The lats are a complex muscle. They’re the biggest muscle of the upper body, originating on the spinous processes of the T7-L5 vertebrae, thoracolumbar fascia, iliac crest, lower 3 or 4 ribs and inferior angle of scapula and inserting onto the front of the humerus (on the intertubercular groove). The lats anatomy makes them one of the primary muscles responsible for shoulder extension, adduction and internal rotation.
Part of the reason you should stretch your lats more often is due to the insertion point being on the front of the humerus. When the lats get tight, they tend to pull the humerus into internal rotation which can cause shoulder discomfort and limit shoulder mobility. In addition, because a tight lat can also contribute to locking down the thoracic region of the spine further, this can limit the ability for the shoulder to extend overhead.
If you’re wondering whether your lats might be a bit tight, you can do the following quick test. When you perform this test, do one arm at a time and feel for any restrictions:
- With your palm facing your pocket bring your arm overhead straight out in front of you
- Now externally rotate your shoulder (have your palm facing forward), and do the test again
If you found a noticeable restriction when you externally rotated your shoulder you may benefit from performing some lat SMR and stretches.
By performing external shoulder rotation and shoulder flexion you are doing the exact opposite of what the lats like to do, and basically testing their ability to lengthen.
So, now that we’ve identified a problem, let’s look at a solution!
Even if you aced the test described above, these techniques can be great to implement into your routine, especially if you spend a lot of time sitting in a car or at a desk.
Stretch #1
First, we need a foam roller, a resistance band, and something to anchor the band to (a power rack in this instance). Anchor the band low to the ground, and grab hold of the other end. In this position, we are going to foam roll our lats, using the band to hold on to and keep our arm extended out in front of us. Start rolling up and down the back of the lat and pause on any spots that are tender for 20 – 30 seconds. The next technique is a little bit nastier. When you’ve rolled the lat from top to bottom, slowly roll further onto your stomach over the roller and move up and down slowly.

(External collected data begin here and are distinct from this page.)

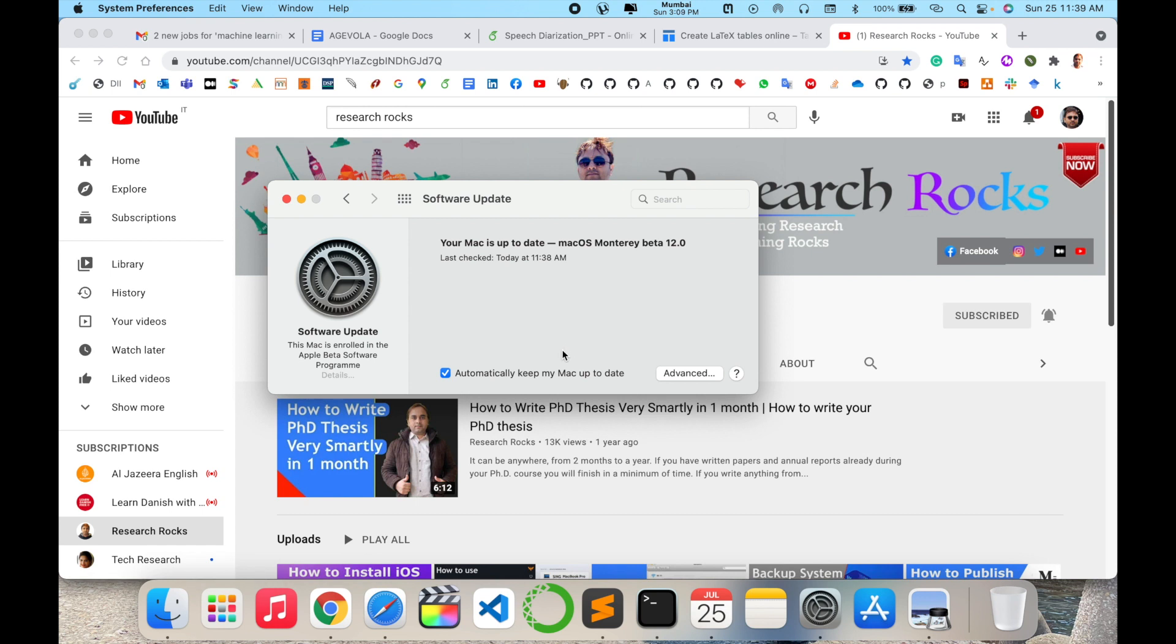Now I restart my operating system and the beta version is automatically uninstalled and my Big Sur will display here automatically. It's quite simple to uninstall and go back to the earlier version. Hope you liked this video.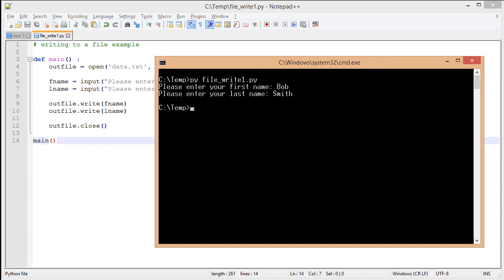You'll notice that we input the data, but we don't get any output. That's because our file was created. So we're going to open up this file.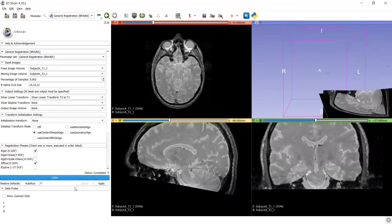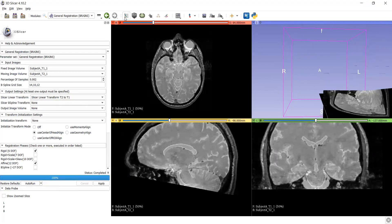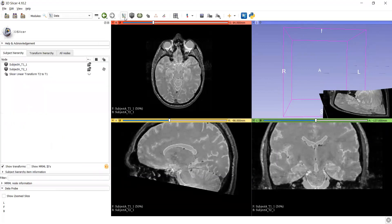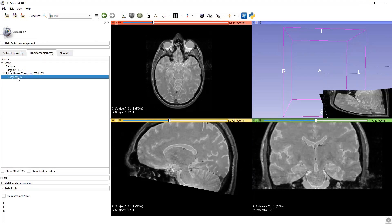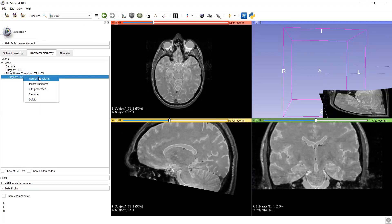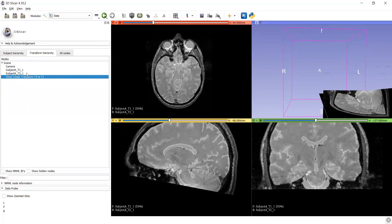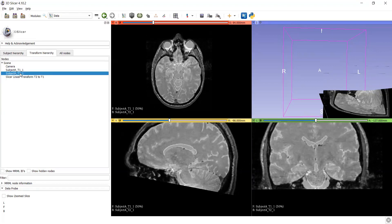Here we can see that this is the 100% completed. If we want to see the transformation final image, we have to click on this. After that, go in transform. Here we can see our name slicer linear transform T2 to T1. Here we will see this. After this, we will do hardened transform. After that, it will automatically transform that subject as a T1.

After a minute or so of foam rolling, we can move into our stretch.
Stretch #2
You can use a barbell on a power rack for this, or a suspension trainer, or really anything solid you can grip onto. Begin by grabbing the barbell using an underhand grip, using the other hand to hold it in place on top. From here, we are going to slowly sit back into our hips and lean to the side. With this stretch we are basically trying to get the origin points of the lat as far away from the insertion point as we can, so we can further rotate our supporting arm side closer to the barbell to intensify that stretch. Hold this position for 30 seconds to 1 minute before swapping sides.
If we’re trying to directly improve our mobility, it’s important to always test and retest after we’ve tried a mobility drill. So make sure after performing those two techniques you retry the test above to see if it made a difference.